**Task to complete**
Please output only the lines that begin at the line with "ちえさんの「OPAQUE.C" and run through the end of the entries below, exactly as written. Drop all pictures.

Dataset records:

===============

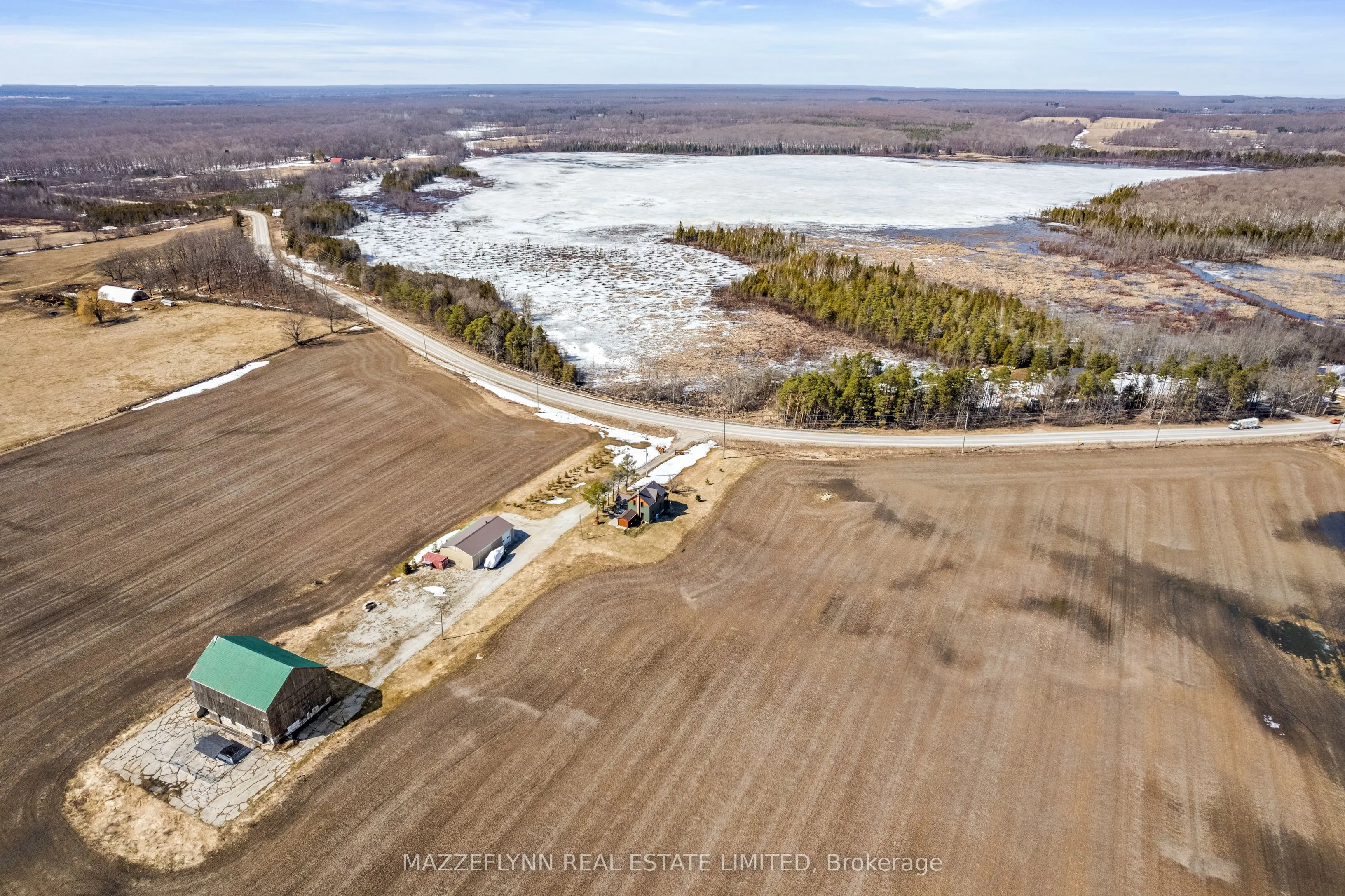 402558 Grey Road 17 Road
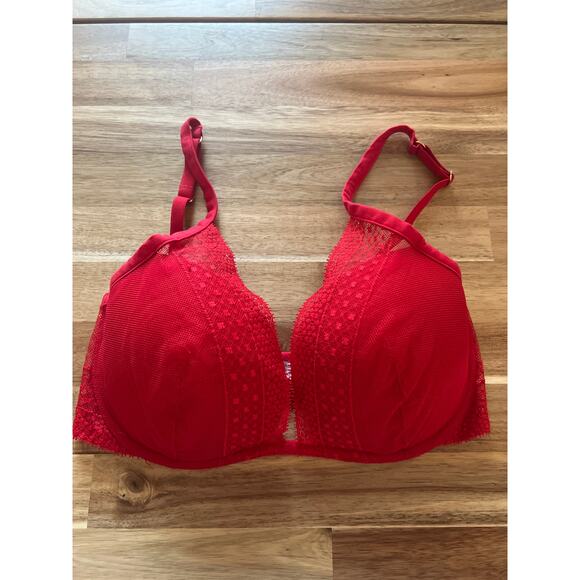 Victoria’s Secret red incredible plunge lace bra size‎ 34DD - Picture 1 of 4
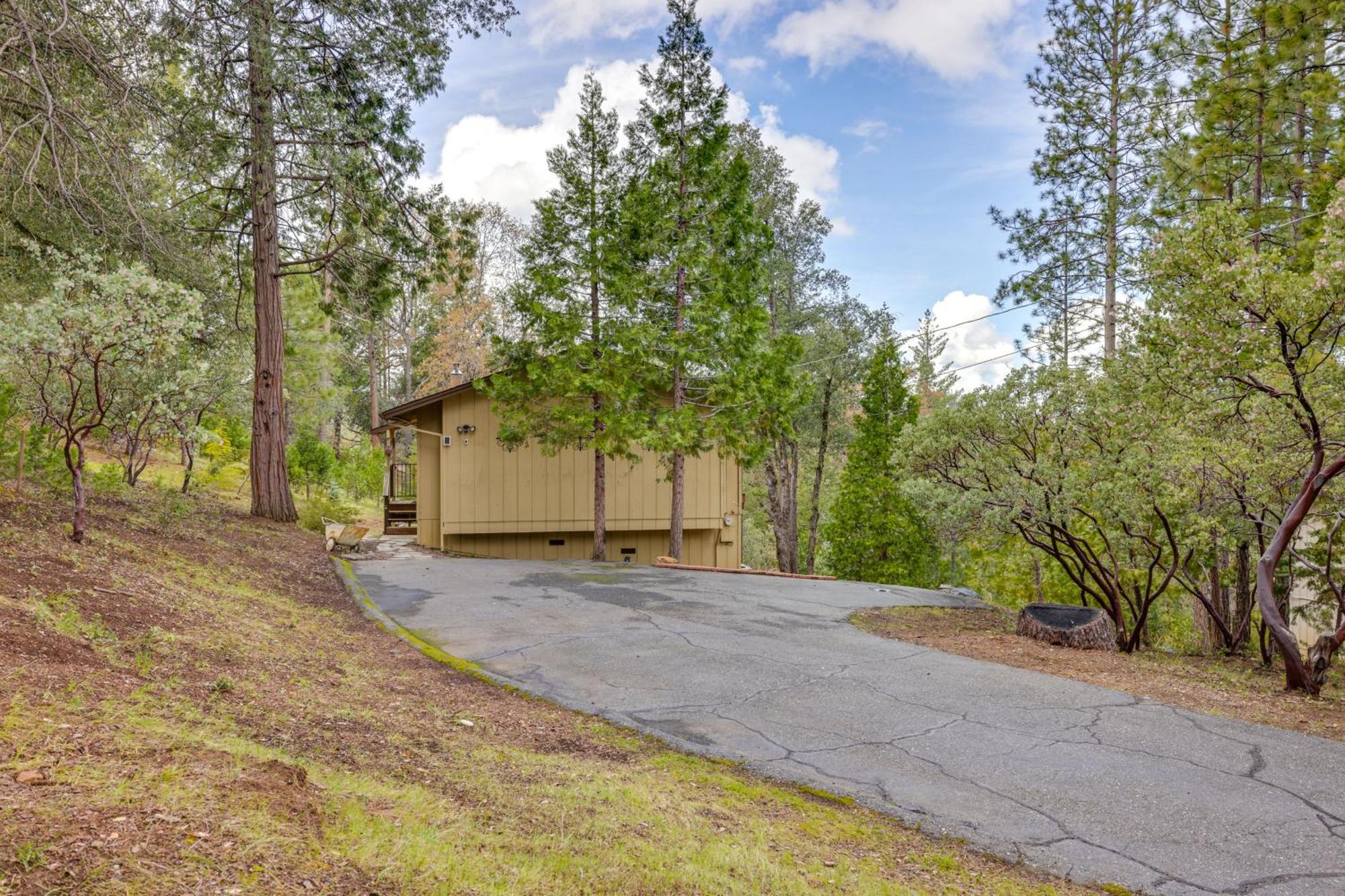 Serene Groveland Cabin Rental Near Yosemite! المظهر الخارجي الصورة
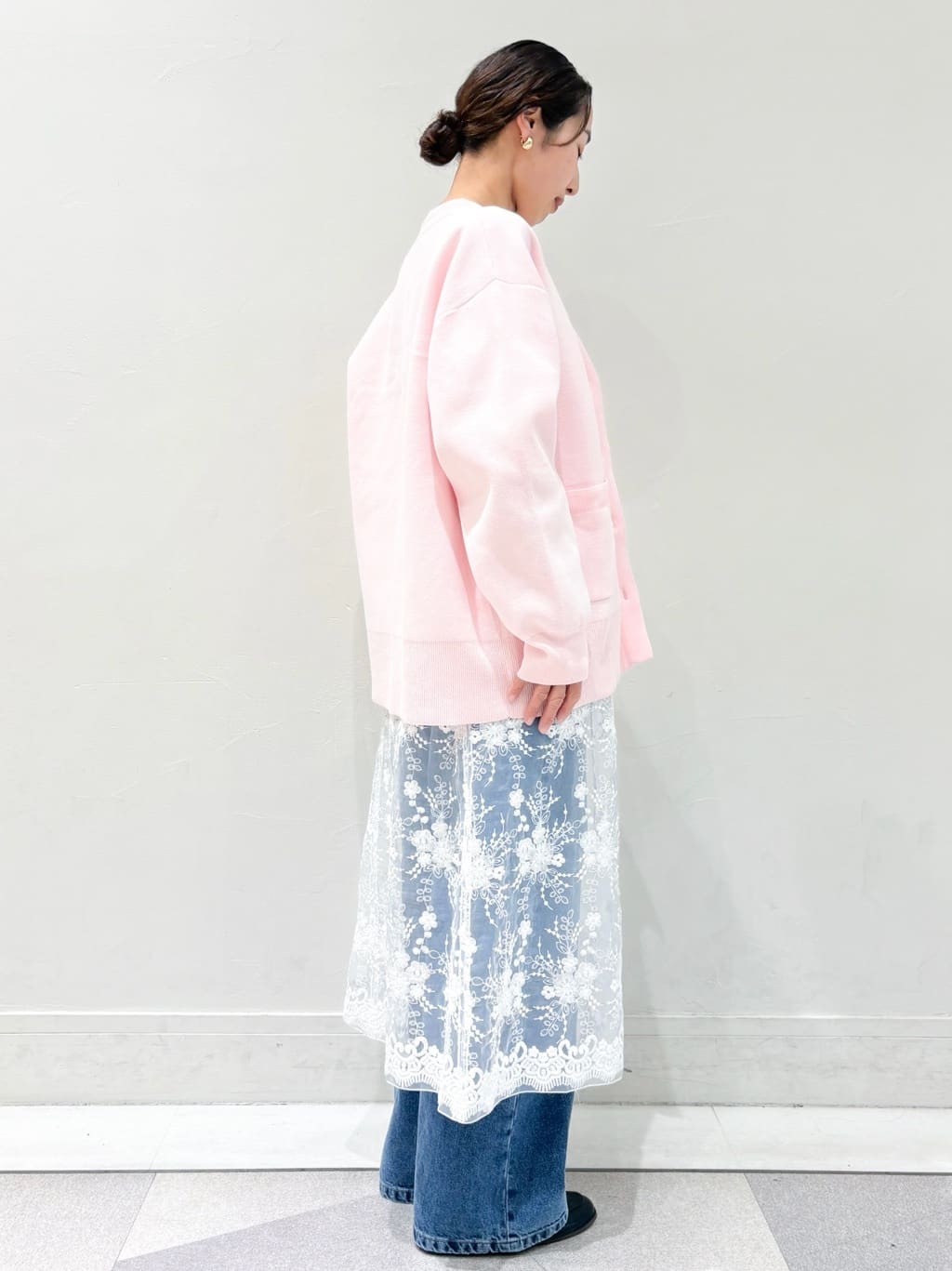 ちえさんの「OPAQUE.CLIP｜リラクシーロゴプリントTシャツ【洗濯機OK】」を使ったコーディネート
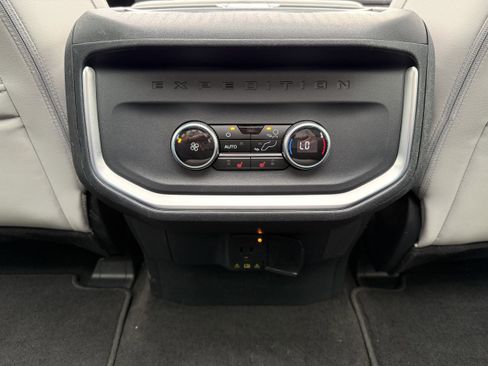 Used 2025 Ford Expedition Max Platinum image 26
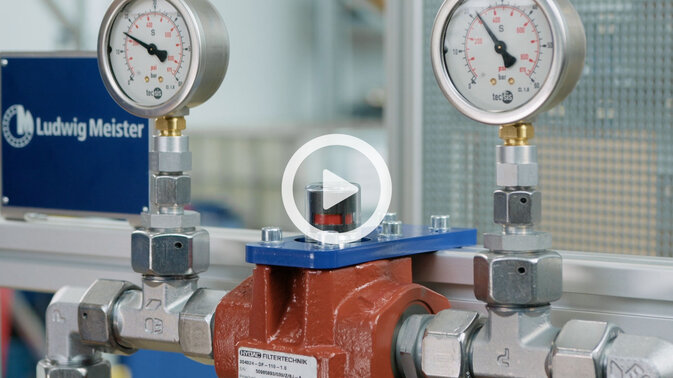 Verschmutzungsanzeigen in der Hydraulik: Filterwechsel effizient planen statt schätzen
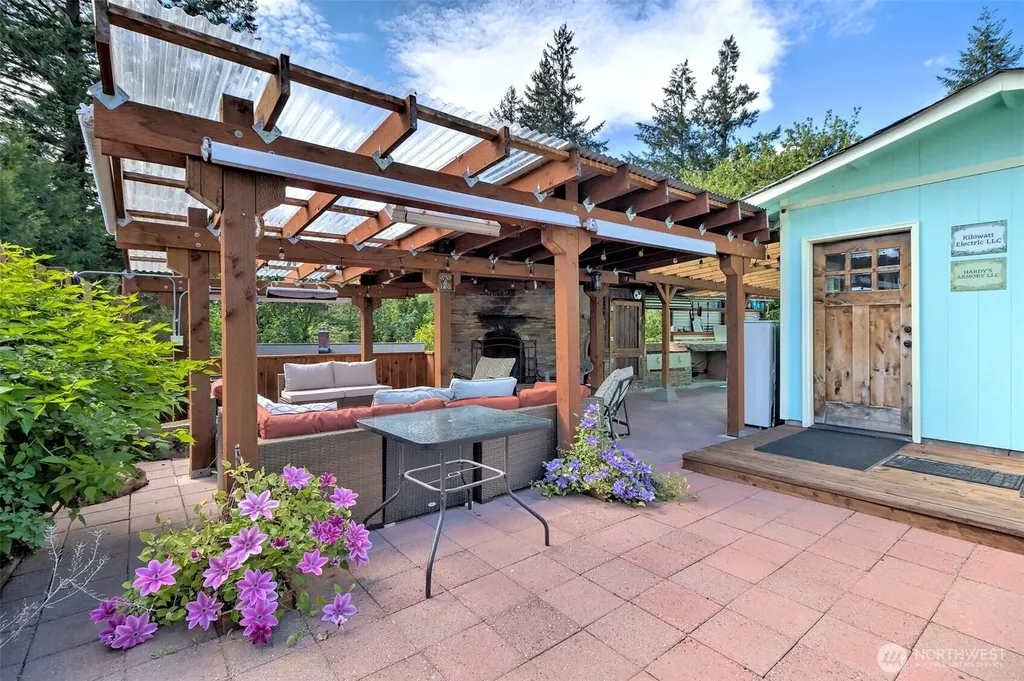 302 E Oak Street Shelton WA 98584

===============

**Response below**
 ちえさんの「OPAQUE.CLIP｜リラクシーロゴプリントTシャツ【洗濯機OK】」を使ったコーディネート
 Used 2025 Ford Expedition Max Platinum image 26
 Verschmutzungsanzeigen in der Hydraulik: Filterwechsel effizient planen statt schätzen
 302 E Oak Street Shelton WA 98584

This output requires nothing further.